Exercise aim: Extract only the lines running from the top of the entries to the line that holds "Festo PAGN-50-1.6M-G14-CPA EN". Include that line and omit the pictures.

Given data:
....

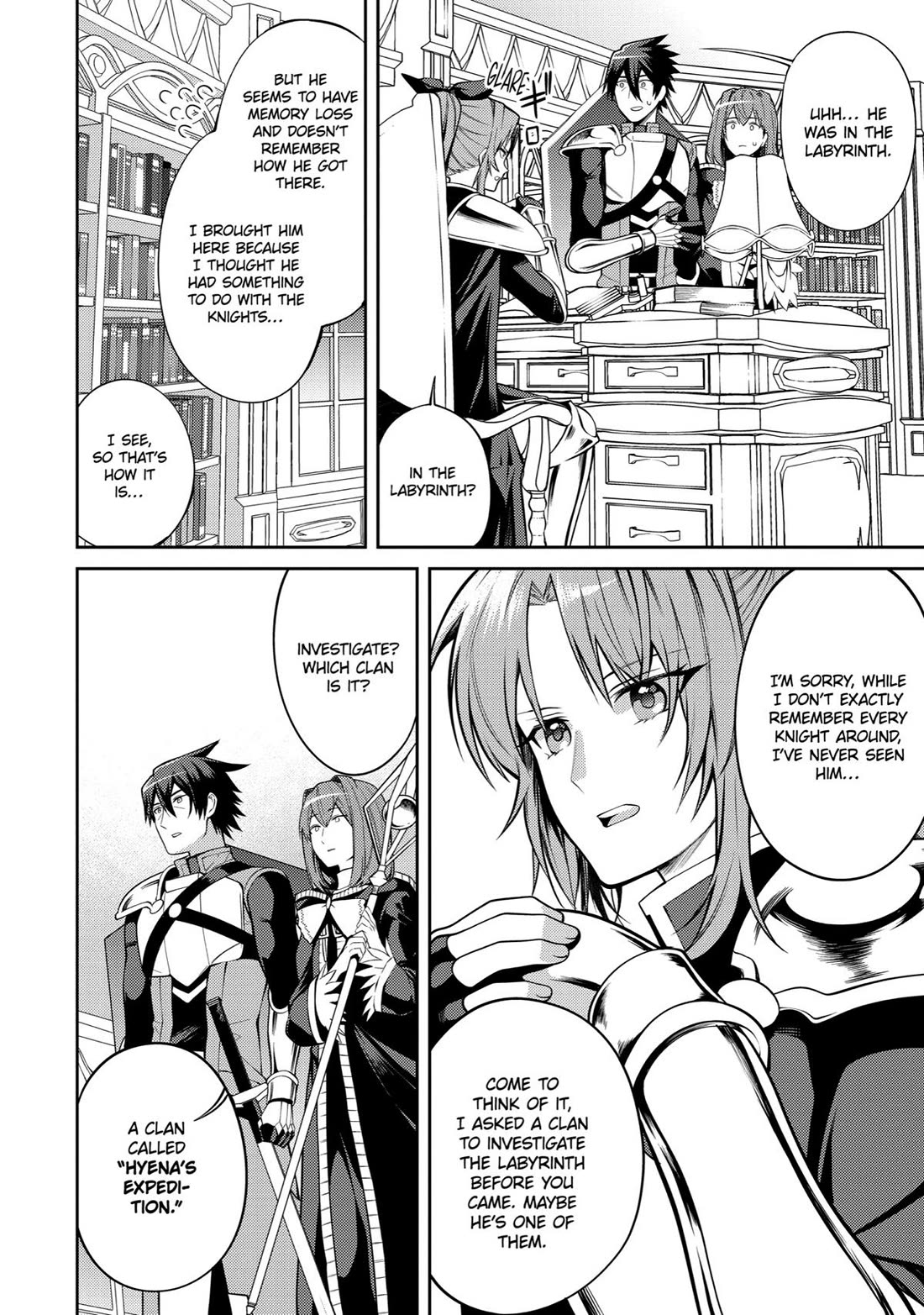 The Labyrinth Raids of the Ultimate Tank ~The Tank Possessing a Rare 9,999 Endurance Skill was Expelled from the Hero Party~ Chapter 33 page 16 - Chapter 33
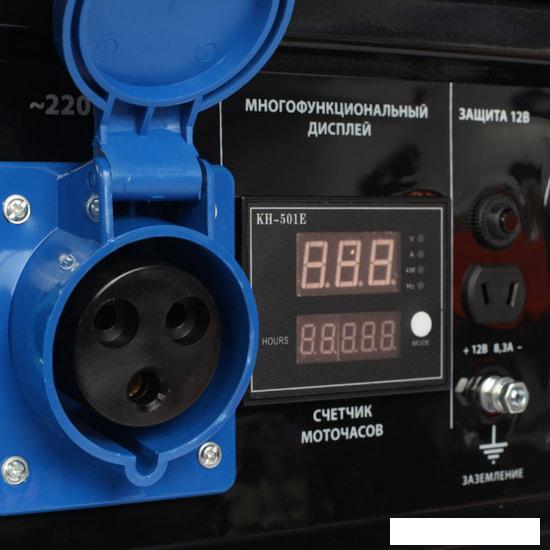 Бензиновый генератор Patriot GP 6510AE - фото 9 - id-p223347093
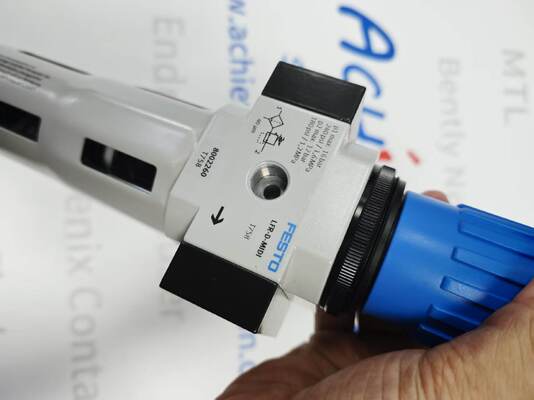 Festo PAGN-50-1.6M-G14-CPA EN 837-1 플랜지 패널 장착 압도 측정기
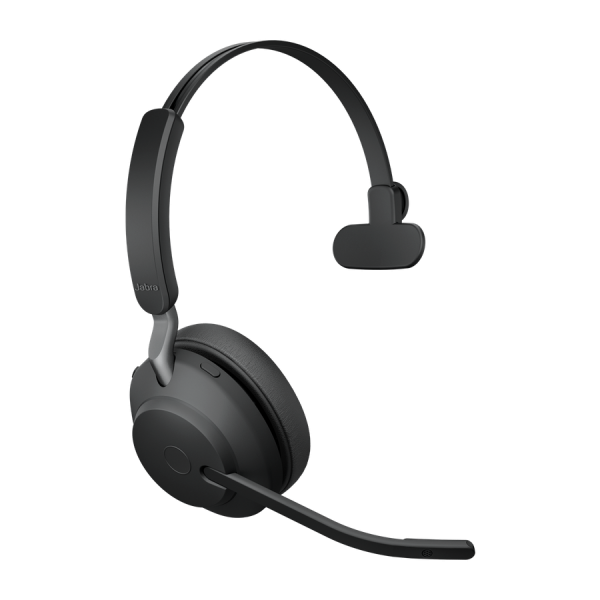 Jabra Evolve2 65/ Mono/ BT/ Bezdrôt/ Čierna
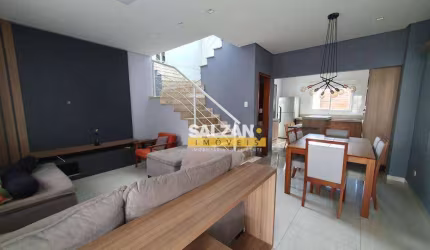 Sobrado com 3 dormitórios à venda, 119 m² por R$ 690.000,00 - Condominio Residencial Contemporâneo Club  - Taubaté/SP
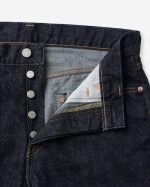 Momotaro Jeans (MMJB0301) #300 Classic Slim 15.7oz Indigo - Image 8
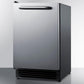 Summit BIM26LHD 15 Lb. Drain-Free Built-In Icemaker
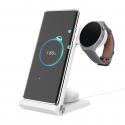Nillkin PowerTrio 3in1 Wireless Charger for Samsung Watch Baltas Nillkin PowerTrio 3in1 Wireless Charger for Samsung Watch Baltas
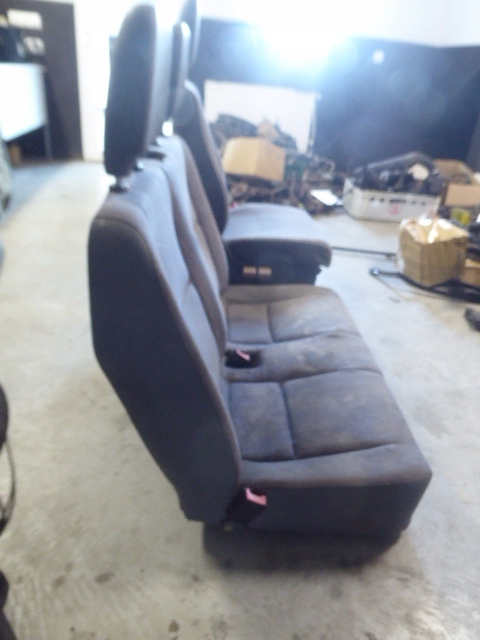 фото №6, Sprinter w903 заднє сидіння сидіння перед пасажира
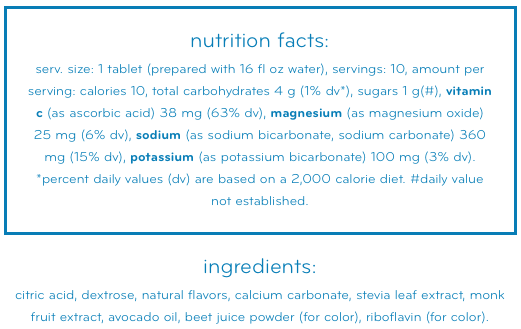 Nuun Electrolyte Tablets: Orange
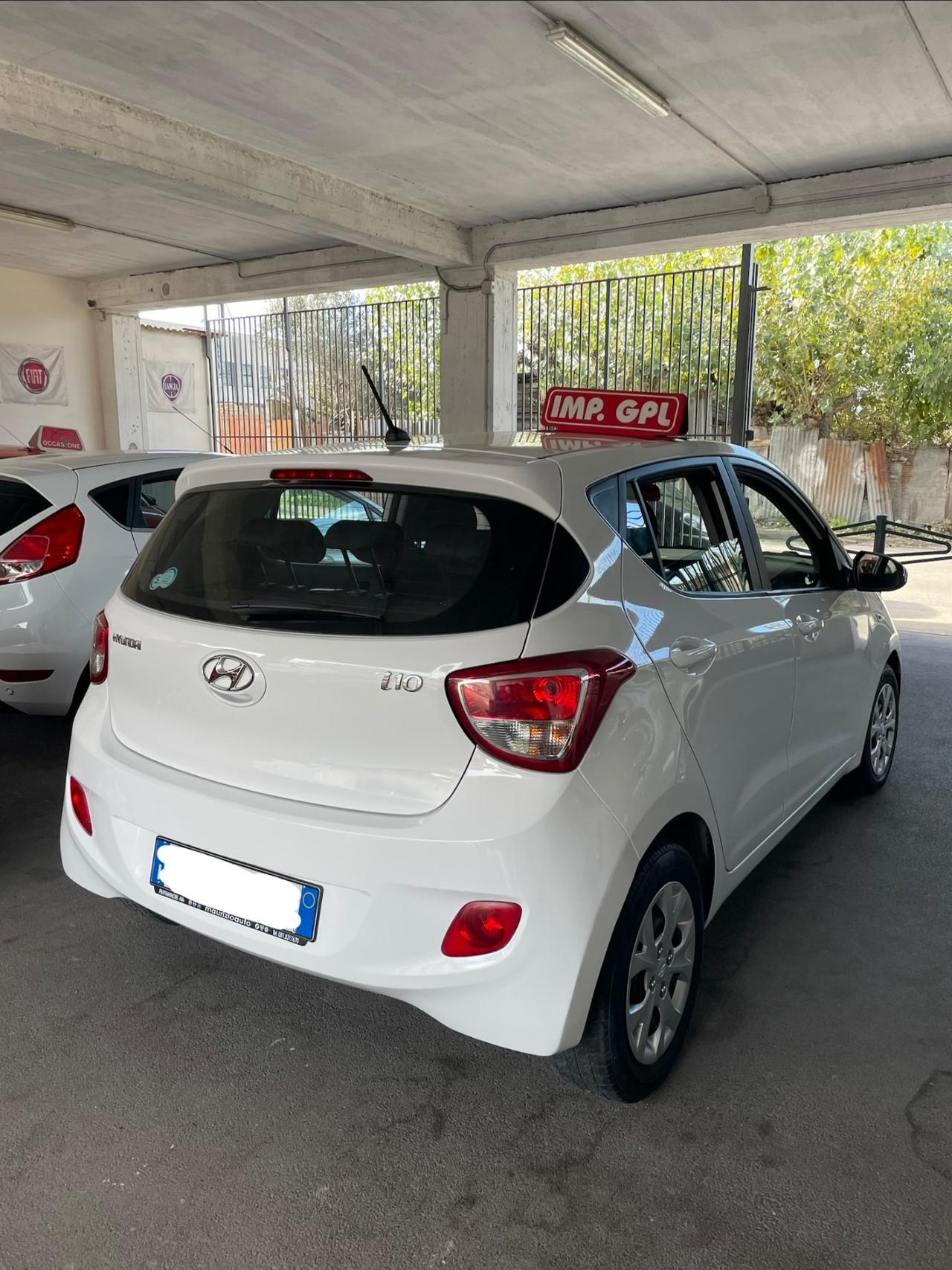 Hyundai i10 1.0 LPGI Econext Sound Edition dal nord Italia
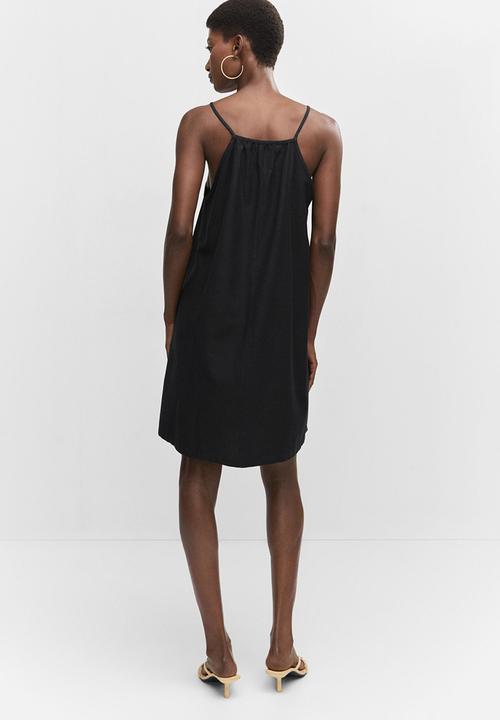 MANGO - Dress ely-h - black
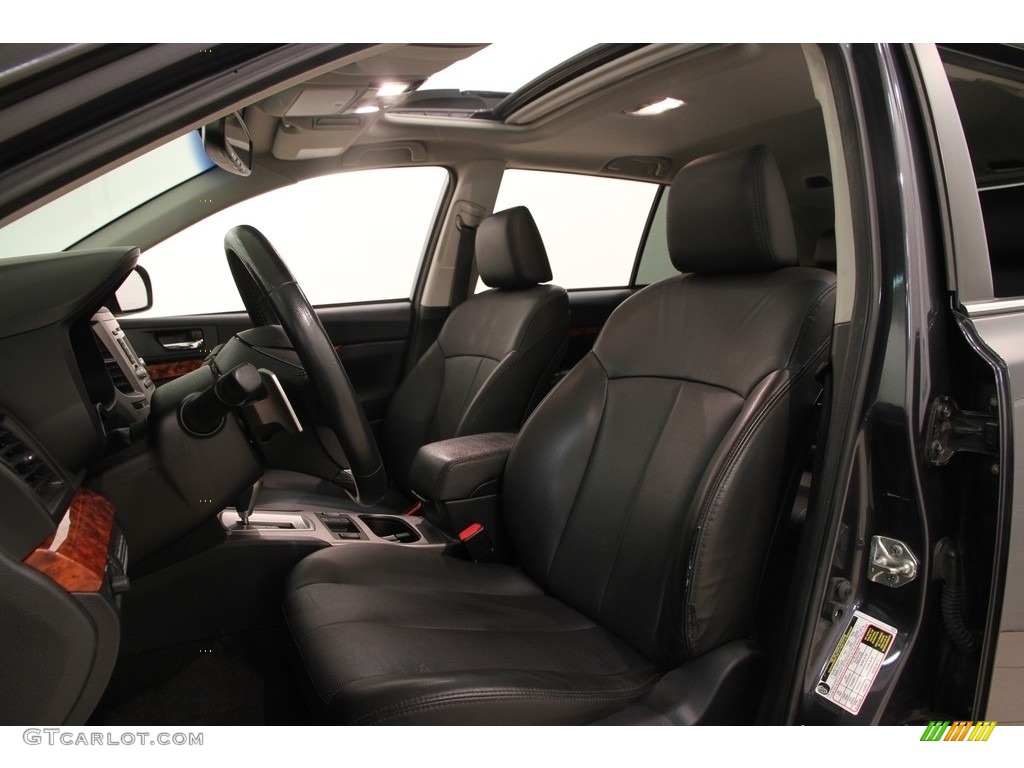 2012 Subaru Outback 3.6R Limited Interior Color Photos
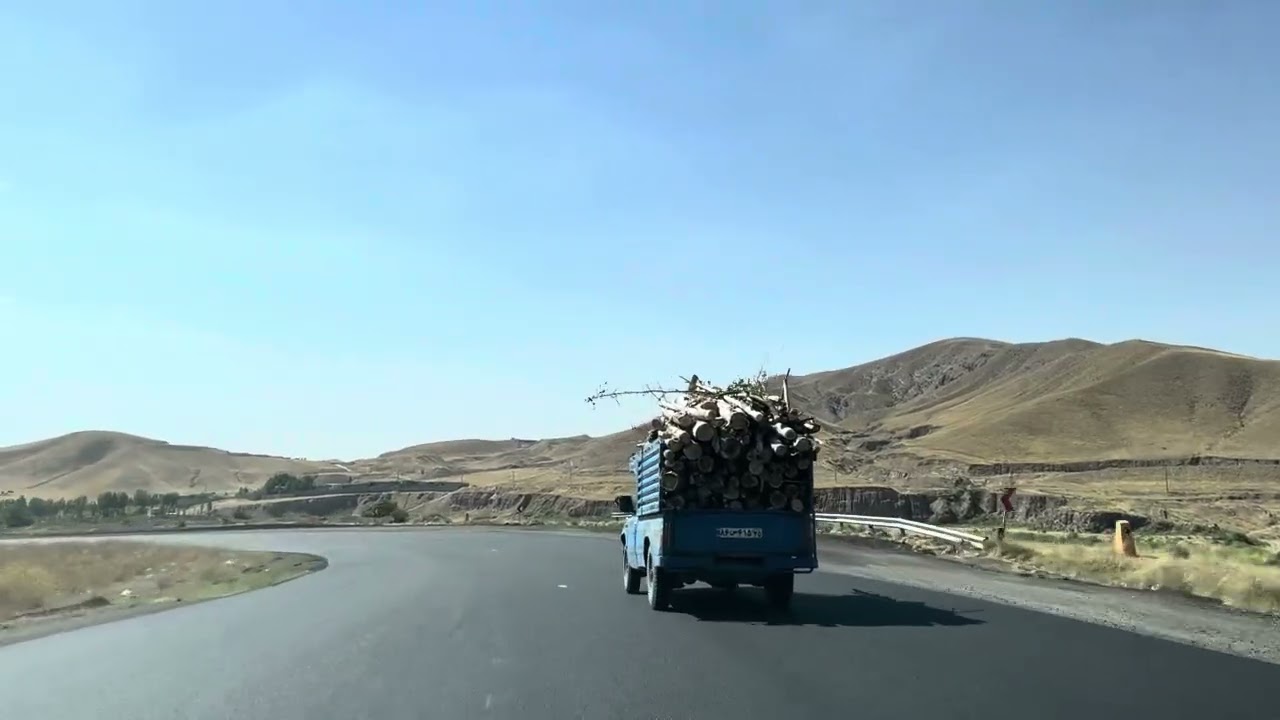 🚗سفر از سرعین تا تبریز و جلفا | شهریور ۱۴۰۳ Road Trip: Sarein ➜ Tabriz ➜ Jolfa | September 2024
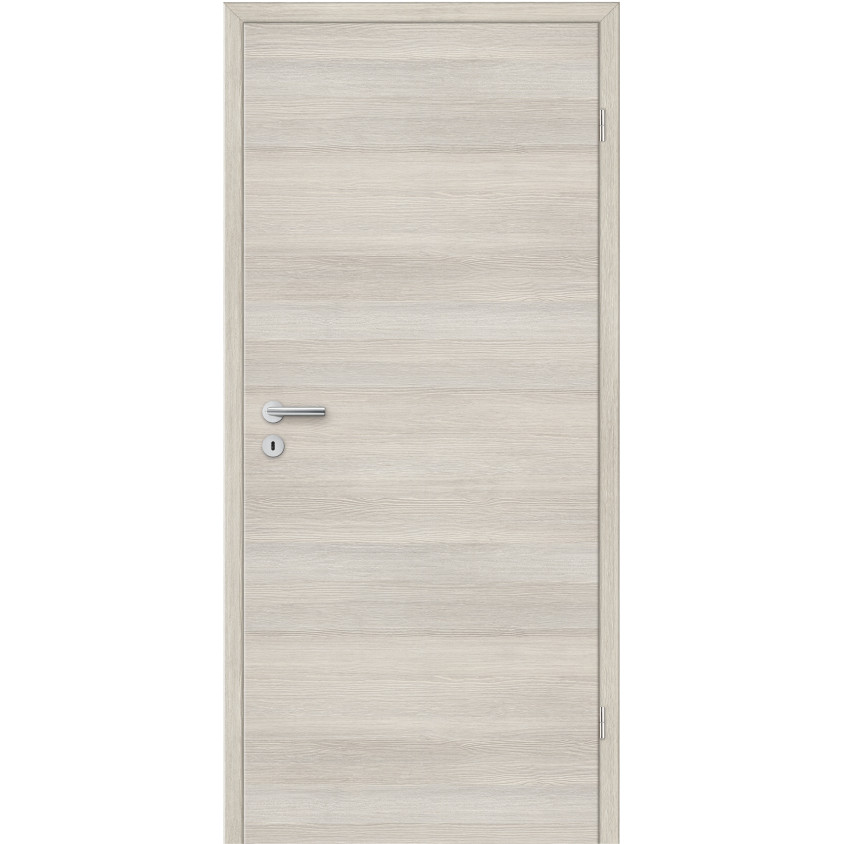 PORTE COULISSANTE VERSO CREMA 830X2040 AME  TUBULAIRE, D.G.D.A, POUR SYTEME A GALANDAGE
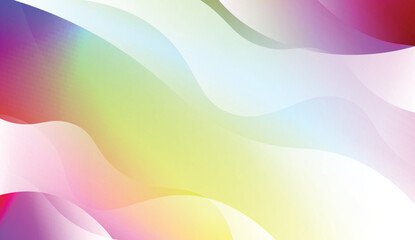 Abstract Background With Dynamic Effect. For Futuristic Ad, Booklets. Vector Illustration with Color Gradient.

....

Solution to the problem:
 The Labyrinth Raids of the Ultimate Tank ~The Tank Possessing a Rare 9,999 Endurance Skill was Expelled from the Hero Party~ Chapter 33 page 16 - Chapter 33
 Бензиновый генератор Patriot GP 6510AE - фото 9 - id-p223347093
 Festo PAGN-50-1.6M-G14-CPA EN 837-1 플랜지 패널 장착 압도 측정기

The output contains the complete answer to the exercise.